EXCERPTED DATA:
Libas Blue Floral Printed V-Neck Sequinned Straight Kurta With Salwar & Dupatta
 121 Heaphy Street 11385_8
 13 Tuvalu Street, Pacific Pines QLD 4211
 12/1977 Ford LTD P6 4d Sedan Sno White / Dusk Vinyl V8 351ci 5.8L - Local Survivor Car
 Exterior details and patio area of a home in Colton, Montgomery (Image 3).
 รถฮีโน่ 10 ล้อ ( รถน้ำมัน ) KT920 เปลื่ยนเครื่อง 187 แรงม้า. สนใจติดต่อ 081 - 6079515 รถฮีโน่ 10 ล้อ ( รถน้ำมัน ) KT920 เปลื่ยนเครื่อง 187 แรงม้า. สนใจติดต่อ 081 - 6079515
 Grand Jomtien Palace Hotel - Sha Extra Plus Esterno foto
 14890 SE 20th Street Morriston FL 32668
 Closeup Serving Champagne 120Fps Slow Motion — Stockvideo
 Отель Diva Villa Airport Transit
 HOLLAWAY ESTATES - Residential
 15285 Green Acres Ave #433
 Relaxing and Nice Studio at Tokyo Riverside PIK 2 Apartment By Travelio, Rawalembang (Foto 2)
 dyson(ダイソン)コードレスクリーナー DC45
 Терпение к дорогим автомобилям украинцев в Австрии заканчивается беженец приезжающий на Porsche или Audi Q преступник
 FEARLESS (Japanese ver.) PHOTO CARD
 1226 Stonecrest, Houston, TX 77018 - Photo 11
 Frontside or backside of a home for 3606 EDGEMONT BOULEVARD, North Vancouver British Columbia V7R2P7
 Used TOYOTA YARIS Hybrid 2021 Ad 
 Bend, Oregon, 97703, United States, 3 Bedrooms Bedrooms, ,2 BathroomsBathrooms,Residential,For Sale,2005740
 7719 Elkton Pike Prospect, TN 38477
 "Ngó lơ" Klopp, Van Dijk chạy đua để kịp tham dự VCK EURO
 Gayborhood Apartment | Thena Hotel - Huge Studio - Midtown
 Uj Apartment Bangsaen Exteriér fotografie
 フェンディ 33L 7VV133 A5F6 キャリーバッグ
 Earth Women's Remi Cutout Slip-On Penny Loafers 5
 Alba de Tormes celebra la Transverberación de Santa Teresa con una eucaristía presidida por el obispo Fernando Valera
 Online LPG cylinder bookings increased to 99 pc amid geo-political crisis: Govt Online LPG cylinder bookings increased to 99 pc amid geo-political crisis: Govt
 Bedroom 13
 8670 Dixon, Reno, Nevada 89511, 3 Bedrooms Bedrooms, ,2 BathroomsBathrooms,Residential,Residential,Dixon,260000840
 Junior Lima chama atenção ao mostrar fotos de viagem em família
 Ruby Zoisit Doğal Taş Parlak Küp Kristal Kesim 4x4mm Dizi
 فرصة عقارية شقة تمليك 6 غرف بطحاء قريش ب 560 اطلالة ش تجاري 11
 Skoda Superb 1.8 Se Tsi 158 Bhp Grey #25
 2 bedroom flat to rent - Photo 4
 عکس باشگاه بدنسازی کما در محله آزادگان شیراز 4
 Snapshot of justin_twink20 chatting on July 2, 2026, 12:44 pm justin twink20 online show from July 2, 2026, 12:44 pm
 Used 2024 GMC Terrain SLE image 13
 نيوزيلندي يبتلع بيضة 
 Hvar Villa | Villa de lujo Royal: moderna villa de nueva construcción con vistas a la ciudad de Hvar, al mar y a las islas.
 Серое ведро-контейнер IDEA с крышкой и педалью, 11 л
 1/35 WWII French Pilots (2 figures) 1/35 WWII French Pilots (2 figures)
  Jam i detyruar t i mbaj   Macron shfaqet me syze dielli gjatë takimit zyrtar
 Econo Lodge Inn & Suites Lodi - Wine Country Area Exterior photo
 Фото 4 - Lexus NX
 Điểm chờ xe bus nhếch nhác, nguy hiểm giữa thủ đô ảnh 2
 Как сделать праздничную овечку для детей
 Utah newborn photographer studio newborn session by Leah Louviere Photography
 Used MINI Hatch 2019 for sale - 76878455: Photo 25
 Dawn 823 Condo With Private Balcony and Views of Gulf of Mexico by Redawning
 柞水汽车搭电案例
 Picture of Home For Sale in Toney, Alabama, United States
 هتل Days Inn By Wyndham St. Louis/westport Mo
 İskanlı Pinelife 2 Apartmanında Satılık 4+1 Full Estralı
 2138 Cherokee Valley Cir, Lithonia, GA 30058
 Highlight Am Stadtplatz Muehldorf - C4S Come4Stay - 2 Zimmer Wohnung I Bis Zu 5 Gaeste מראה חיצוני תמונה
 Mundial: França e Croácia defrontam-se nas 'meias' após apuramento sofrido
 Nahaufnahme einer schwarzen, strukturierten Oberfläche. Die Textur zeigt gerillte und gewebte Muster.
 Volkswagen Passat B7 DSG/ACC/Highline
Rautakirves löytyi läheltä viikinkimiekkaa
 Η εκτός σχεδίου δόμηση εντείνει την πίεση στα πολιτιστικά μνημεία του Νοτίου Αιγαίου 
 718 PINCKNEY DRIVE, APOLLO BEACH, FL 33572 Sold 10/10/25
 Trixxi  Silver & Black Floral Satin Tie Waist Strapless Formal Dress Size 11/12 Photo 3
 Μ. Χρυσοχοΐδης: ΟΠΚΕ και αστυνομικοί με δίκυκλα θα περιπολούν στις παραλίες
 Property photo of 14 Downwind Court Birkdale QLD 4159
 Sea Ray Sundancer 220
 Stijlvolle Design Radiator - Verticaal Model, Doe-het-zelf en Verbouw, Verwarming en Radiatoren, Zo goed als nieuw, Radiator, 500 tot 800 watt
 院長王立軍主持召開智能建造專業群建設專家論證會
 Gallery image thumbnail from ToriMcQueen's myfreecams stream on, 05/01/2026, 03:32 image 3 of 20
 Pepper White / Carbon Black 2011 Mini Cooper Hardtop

YOUR OBJECTIVE:
How many of the lines above include the word "Residential"? State that number and nothing else.

EXERCISE SOLUTION:
3